[Work to complete] Send back the line that contains "Apartmán Rena Vendeghaz" and all lines following it through the end of the data below, exactly, omitting pictures.
Information shown below:
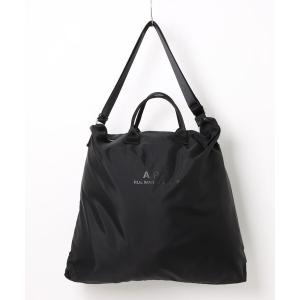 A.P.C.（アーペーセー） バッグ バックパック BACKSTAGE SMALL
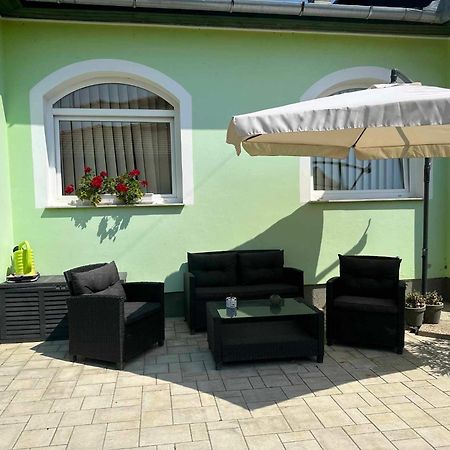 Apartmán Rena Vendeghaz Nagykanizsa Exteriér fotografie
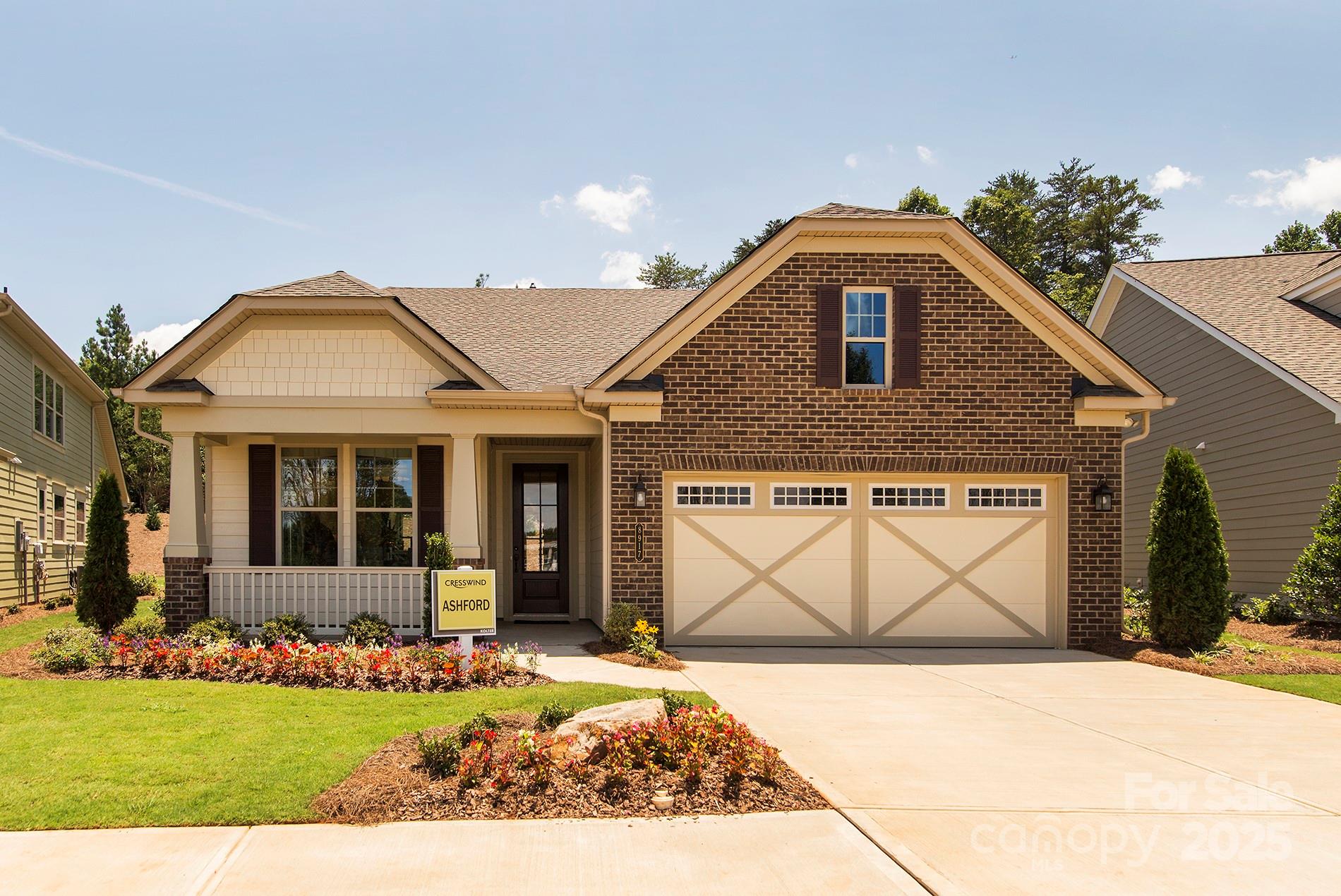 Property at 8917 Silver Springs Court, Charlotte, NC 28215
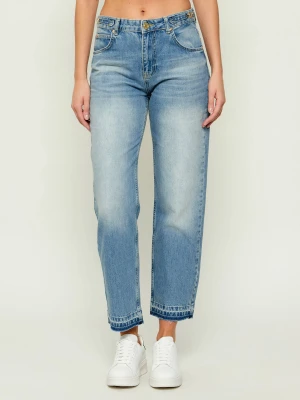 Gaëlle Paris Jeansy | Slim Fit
End of Information shown.
[Answer space]
 Apartmán Rena Vendeghaz Nagykanizsa Exteriér fotografie
 Property at 8917 Silver Springs Court, Charlotte, NC 28215
 Gaëlle Paris Jeansy | Slim Fit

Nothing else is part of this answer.